Lesion Site Analysis
Post-acute CT and MRI (T1 via a 1.5T MRI) scans were used to identify areas of cerebellar damage in each patient. Lesion locations were identified in each patient by a neurologist and verified by a neurosurgeon who were not informed of the hypothesis of the study. Lesion locations were then plotted onto anatomical templates consisting of 12–4 mm thick axial cerebellar slices based on the templates first published by Tatu et al. (1996).
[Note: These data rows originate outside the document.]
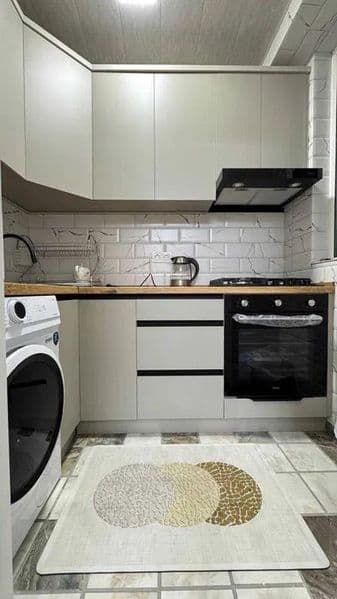 2/3/9<br />
Ориентир: Паркентский, махтумкули, метро дустлик — фото 3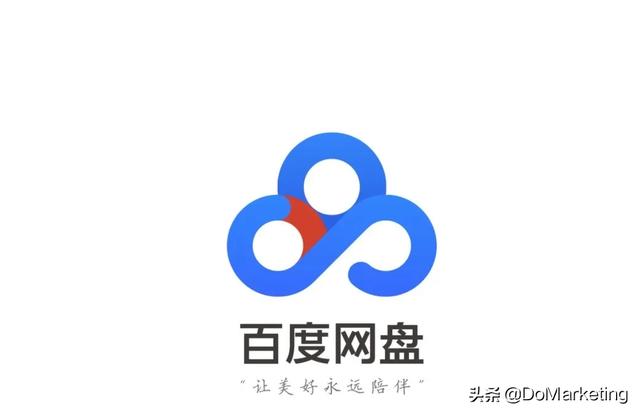 百度道歉了！但被薅羊毛的网友会买账吗？企业公关该怎么做？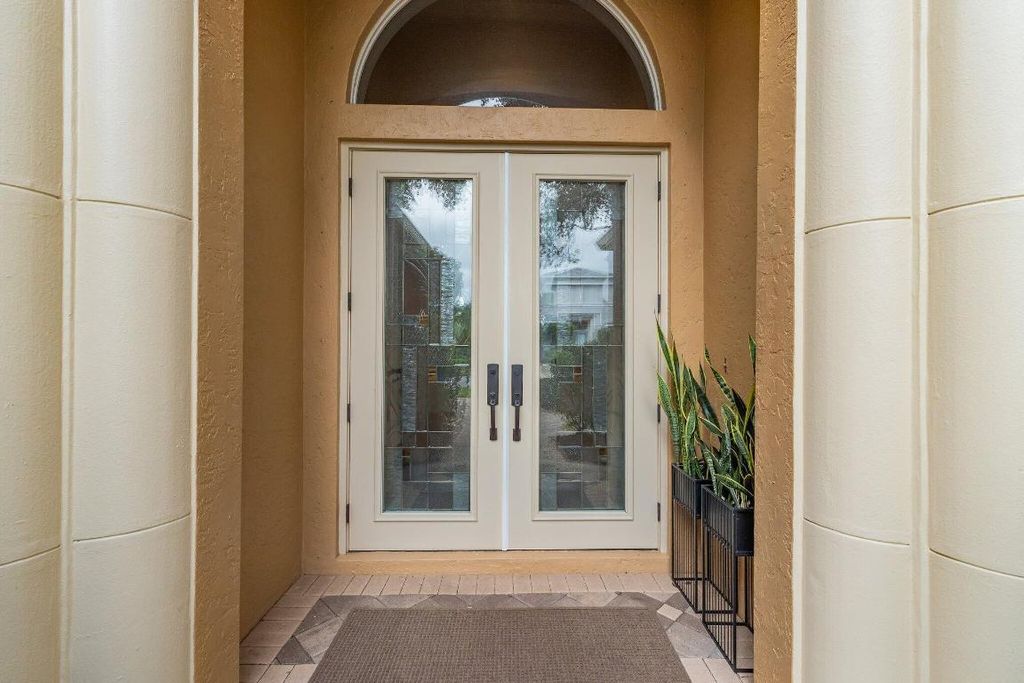 Photo of 108 Via Paradisio, Palm Beach Gardens, FL 33418 (MLS # R11134553)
Lesioned regions of the cerebellum were then identified using the MRI atlas of the human cerebellum (Schmahmann et al., 1999; Schmahmann, 2000).
Differences in Covert Attention Performance between Patients and Controls
Mean reaction time (RT) data for each condition for each patient as well as the control group are presented in Table 2. The results of the ANOVA revealed main effects of cue [F(1, 20)= 23.99, p < 0.001] and SOA [F(2, 40) = 3.87, p = 0.029] such that participants responded more quickly for validly (431 ms) compared to invalidly cued targets (449 ms), and were slower to respond to targets at the 50 ms SOA (449 ms) compared to the 150 ms SOA [436 ms; t(21) = 2.99, p = 0.021 corrected]. Interestingly, there was no main effect of group (p = 0.56), indicating that, overall, RTs were similar between patients and controls.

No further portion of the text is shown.